When lunch was over, the men moved the parcel-laden side table over to their hostess. She fell upon the presents with childlike glee, tearing open the wrappings impatiently and commenting upon the contents with a child’s lack of inhibition. They were all gathered round her. So infectious was her pleasure that Nigel felt as if it was his own birthday.
“What’s this? . . . Oh, Mark, you shouldn’t. But it’s the most exquisite thing,” cried Celandine, opening a case with a miniature inside it. . . . “Charles? From you? Aquamarines! Oh, you are an angel! Just look at this pendant. Like flowers of blue ice . . . Now, hold tight, everybody. This is from the Women’s Institute, I warn you. They’ve been doing raffia work, and I anticipate the worst.” She bent her head over the frightful object, her shoulders rippling with laughter. “No, it’s beyond my worst nightmares. Bless them, poor loves. . . . Oh, Bay, darling, how sweet of you. It’s just what I wanted, you clever thing. . . . Now what? From Stanford! This is unheard of.??
? She drew out of its wrappings an elaborate construction of shells enclosed by a glass dome. “He must have made it himself. You see? It’s a sort of mausoleum. Rather weird and réussi, isn’t it? Absolutely typical. But, Charles—fancy your brother marking the occasion! . . . What a heavy parcel! Goodness, these are rather splendid, aren’t they? But whoever sent them?”
She took out of a stout cardboard box a pair of binoculars, and raised them to her eyes. “I can’t see anything. Charles, you’re in the light.” As he moved aside, she directed the binoculars toward a window.
“I still can’t focus. . . . This screw’s awfully stiff,” she said, her middle finger on the range finder.
“Here, let me try it,” said Rosebay, brusquely taking the glasses from her sister’s hands. Holding the binoculars a little way from her head, to get a better purchase, she put thumb and index finger on the screw.
That same instant, Charles Blick suddenly reached out as if to snatch the binoculars from her. But, before he could touch them, there was a click, the binoculars jerked like a small, furious animal in the girl’s hands, and fell to the floor.
Charles snatched back his own hand, as if he had been stung, and looked stupidly at the blood beginning to ooze from it.
With a hoarse, choked scream, Rosebay bent down, picked up the binoculars and held them in front of her sister’s face. Two needles projected from the end where the eye pieces should have been.
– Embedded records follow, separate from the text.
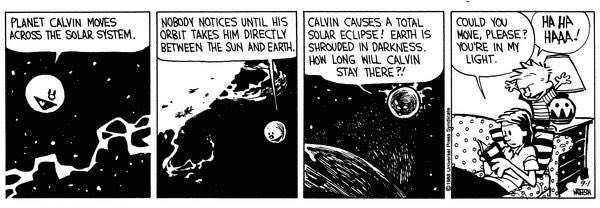 17_08_21_Calvin_Hobbes_eclipse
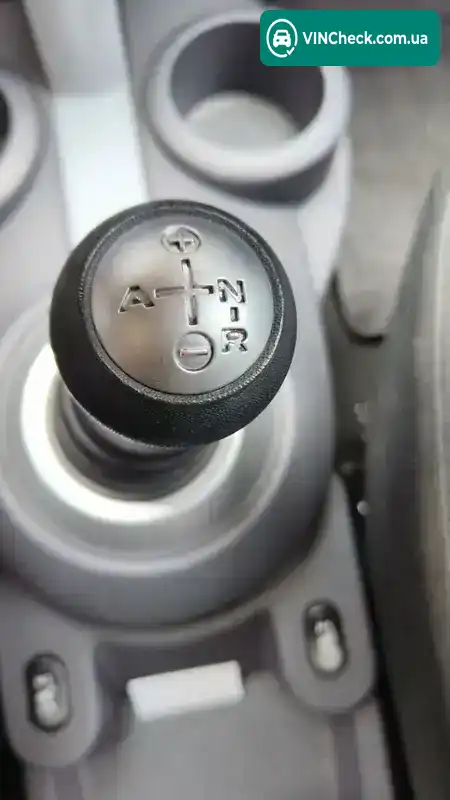 Mitsubishi Colt 2008, фото з оголошення 2 з 14, VIN XMCXJZ34A8F041118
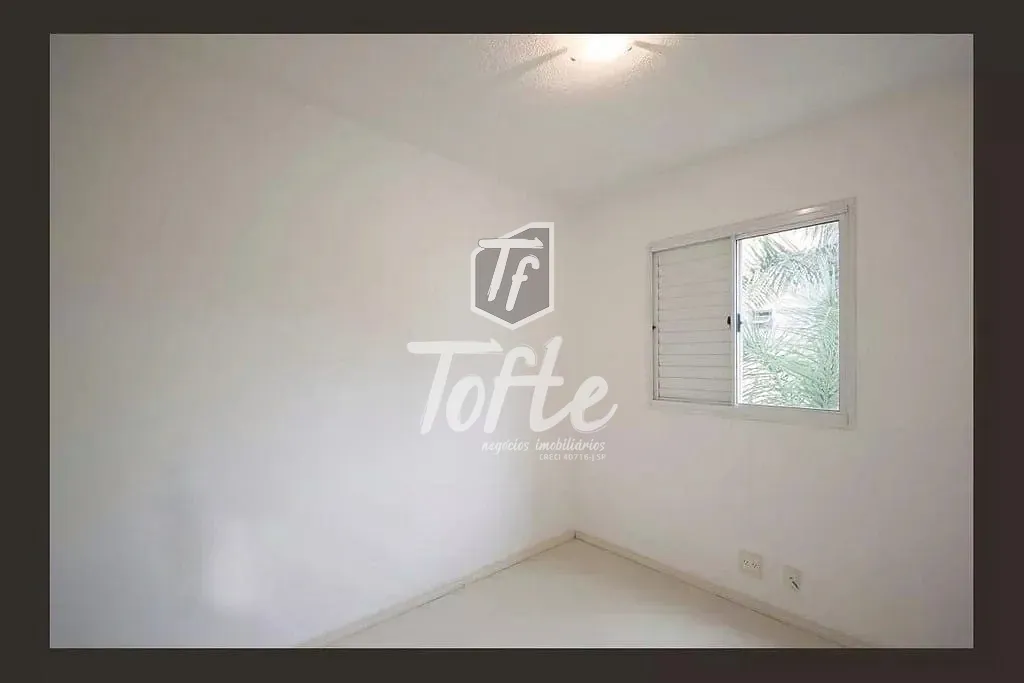 Apartamento, 2 quartos, 48 m² - Foto 26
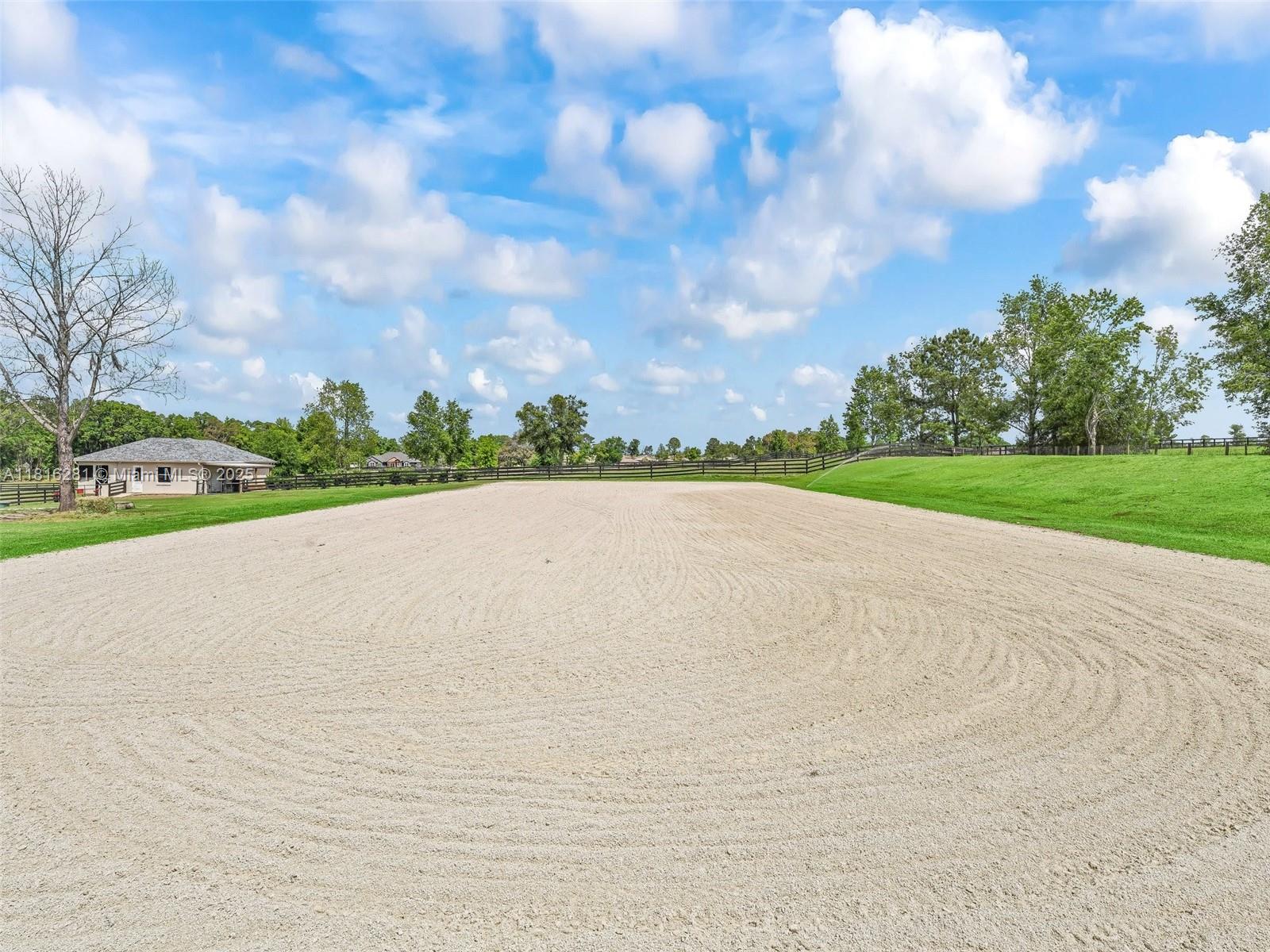 7161 NE 22nd Ct Rd, Ocala, Florida image 7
Charles Blick was at Rosebay’s side. “Oh, darling, you might have been blinded,” he cried out to her in a voice distraught with horror. “Are you all right, love?”
“It was Celandine the damned thing . . .” began the vicar. But Celandine Chantmerle had somehow clawed herself to her feet and was leaning on the table she gripped, a look of utter incredulity on the Primavera face, the blue eyes angry as bruises, the mouth warped downward to one side. Then she fell forward on the table, and slid to the floor.
Mark Raynham carried her to the bedroom on the ground floor, followed by Rosebay. While they were out, Charles muttered, more to himself than Nigel: “My God, what a fiendish thing! I—it’s absolutely incredible.” He stared at the bloodstained handkerchief he’d loosely tied round his hand, “I had a sort of premonition something was wrong. That’s why I tried to snatch—they’d have killed her, wouldn’t they?”